How energy deals could cut the U.S.–China trade deficit
Facilities for Tesoro Refinery (R) and Agrium Nitrogen Operations and Conoco Phillips LNG (L) in Kenai, Alaska. Photo: Farah Nosh/Getty Images
When President Trump demanded that China cut its $375 billion trade deficit with the U.S. by $200 billion, Chinese officials and the U.S. press shrieked. It seemed impossible. However, there's a simple way for China to give Trump this “win”: buying $200 billion worth of American oil, as well as liquefied natural gas (LNG) from Alaska, Texas and Louisiana.
The details: Alaska is estimated to have nearly $1 trillion worth of LNG that it's eager to sell and heartland states have several trillion dollars’ worth of oil and gas reserves available for export. While there would be some delays in delivery — new production and transportation infrastructure would first have to be built — the trade deficit is measured by date of sale, so the impact would be seen right away.
The backdrop: China has an immense energy demand, accounting for 60% of global growth in oil, gas and coal consumption since the 2008 Great Recession. It has more than $3 trillion worth of foreign exchange reserves, over $1 trillion of which is held in U.S. dollars. Buying and paying up front for U.S. energy, then, amounts to little more than changing the mix of assets in its portfolio. In fact, Commerce Secretary Wilbur Ross has repeatedly called on China to import more American LNG, recognizing that it would also help diversify China’s supply sources.
From the U.S. perspective, selling natural resources is less desirable than selling manufactured products. But by doing so, Trump could credibly claim to cut the bilateral trade deficit by more than half. Moreover, these contracts would allow American companies to secure loans to build oil and gas infrastructure whose construction would employ tens of thousands of American workers.
While this proposal may sound far-fetched, Governor Bill Walker of Alaska is already seeking Chinese financing for a $43-billion deal to export LNG, and the Alaska Gasline Development Corp. has almost completed negotiations with its Chinese counterparts. The Chinese oil conglomerate Sinopec has also proposed a $7-billion, 700-mile pipeline from the Permian Basin shale oil field in western Texas to the Gulf, another effort the package could include.
The other side: Most economists dismiss bilateral trade deficits as irrelevant. They insist that deficits are simply the consequence of Americans consuming more than they save. But this argument misses the political economy of trade and the opportunities it offers politicians to demonstrate that they are championing jobs for their constituents. Congressmen, senators, mayors and governors campaign on this issue regularly. Why not a president campaigning in states that produce oil and gas?

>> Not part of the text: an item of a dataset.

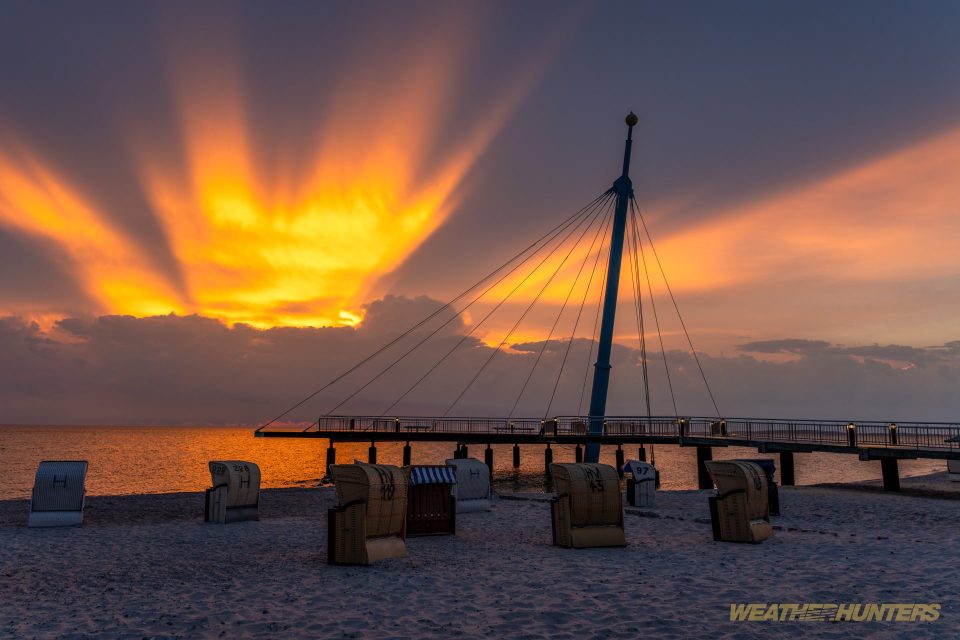 Crepuscular Rays über der Ostsee Flunder in Hohwacht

Finally, while the U.S. government would not say so, this deal would also make China more dependent on the U.S. for delivery of a vital resource. Strengthening economic ties is a major stabilizing factor with benefits for both countries. Since China depends on energy delivered across U.S. Navy–owned oceans, the marginal increase in its vulnerability is insignificant.
The bottom line: Trump’s demands may be unreasonable, but they're not impossible to fulfill. If China concludes that this maneuver can pacify him and avert a trade war, we might see movement in this direction.
Graham Allison is the former director of Harvard Kennedy School’s Belfer Center for Science and International Affairs and the author of “Destined for War: Can America and China Escape Thucydides’s Trap?”